Permítame, Señoría, que le muestre mi respeto y mi admiración. Su voto particular es un monumento de pericia jurídica, de amor apasionado al Derecho, de ejercicio de racionalidad e insobornable honradez. Debería ser texto obligatorio en todas las facultades de Derecho. Es, sobre todo, una brillante y esplendorosa –con ese esplendor de la verdad- defensa de la presunción de inocencia y, por eso, Señoría, Ricardo Javier González, en lo que toca, se lo agradezco infinito en el corazón.
Me viene a la mente la escena bíblica en la que Yahve, en diálogo, con Lot está dispuesto a salvar la ciudad del justo castigo si en ella se encuentra, al menos, un hombre justo. Estamos de enhorabuena porque España tiene un justo, un hombre justo que es usted, Señoría.

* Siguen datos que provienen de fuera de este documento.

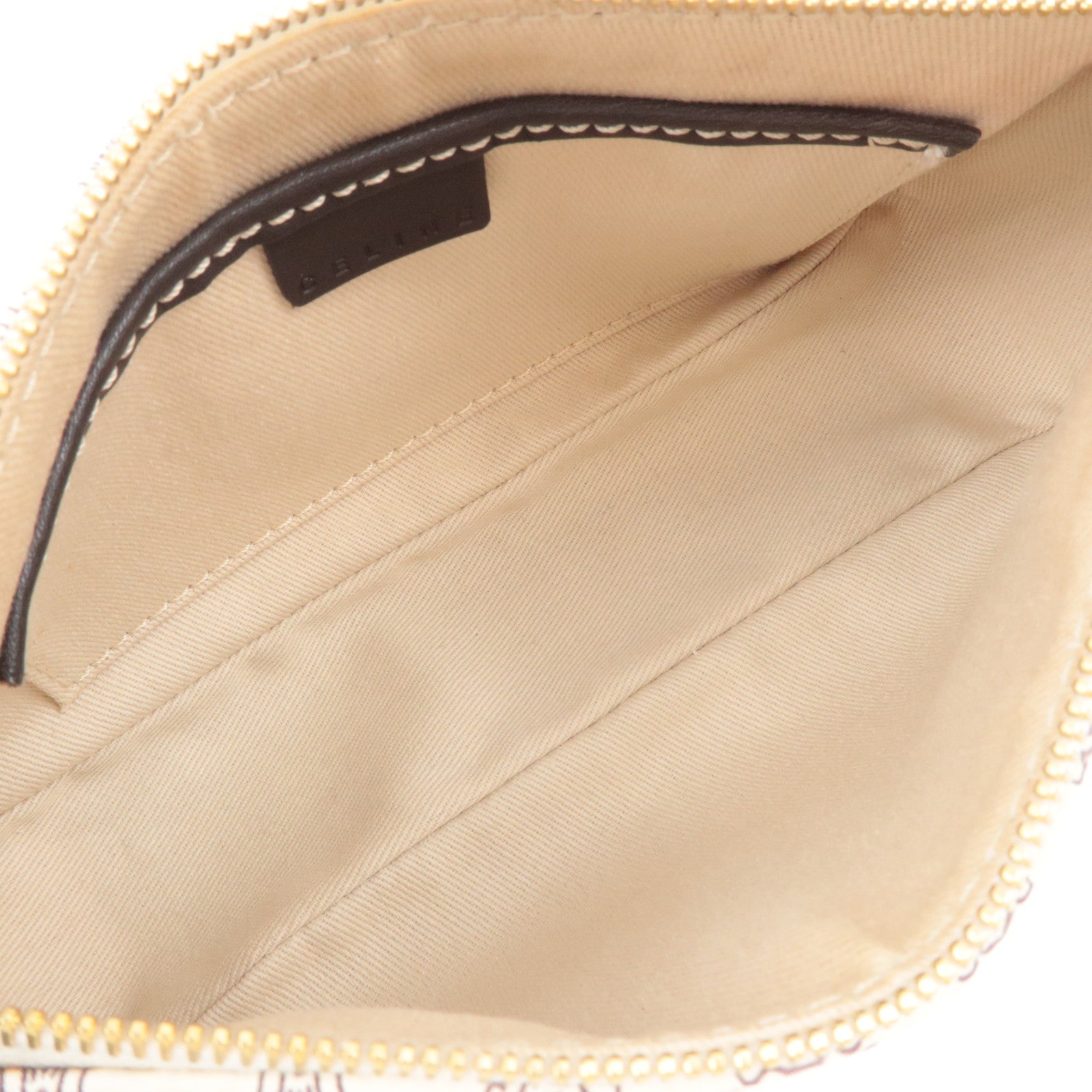 CELINE Macadam PVC Leather Shoulder Bag Ivory Dark Brown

Le hubiera sido fácil unir su voto a la fabulación de los otros dos magistrados. Eso le hubiera evitado complicaciones o bajonazos tan ruines y rastreros como el del ministro de Justicia, Rafael Catalá. ¡Dónde hay Ministerio de Justicia es que no hay división de poderes! También le hubiera sacado a usted del punto de mira de las histéricas linchadoras que, antes creíamos sus monsergas de que eran amantes del diálogo. Sí, claro, mientras no las llevas la contraria, entonces se ponen la careta del coronel Lynch y vociferan como fieras ansiosas de sangre.
Pero ha tenido usted, Señoría, el valor y la decencia de defender la verdad de los hechos y el civilizatorio y sacrosanto principio de la presunción de inocencia. ¿Qué es una sociedad sin presunción de inocencia para sus miembros? Un campo de exterminio con una justicia inquisitorial y prostituida.
Es ya tremendo que dos magistrados hayan llegado al desafuero, al desprecio del Derecho de condenar por un delito que ninguna de las partes pidió y del que los acusados no pudieron defenderse. Pero es que no ha habido delito alguno, como usted demuestra con lógica demoledora. Si todas sus sentencias son de esta ejemplaridad deslumbrante tómese el tiempo que precise. La Patria tiene una deuda inmensa contraída con usted, porque nos ha prestado a todos un gran servicio. Animo a todos a leer con unción reverencial ese magnífico voto particular, ese monumento del Derecho, que honra al sentido universal de lo que es justo.
La verdad es la verdad la diga Agamenón o su porquero. Usted, Señoría, es Agamenón; Rafael Catalá, al parecer, ha sentado plaza de porquero.
Gracias, de corazón, Señoría. Es usted un justo.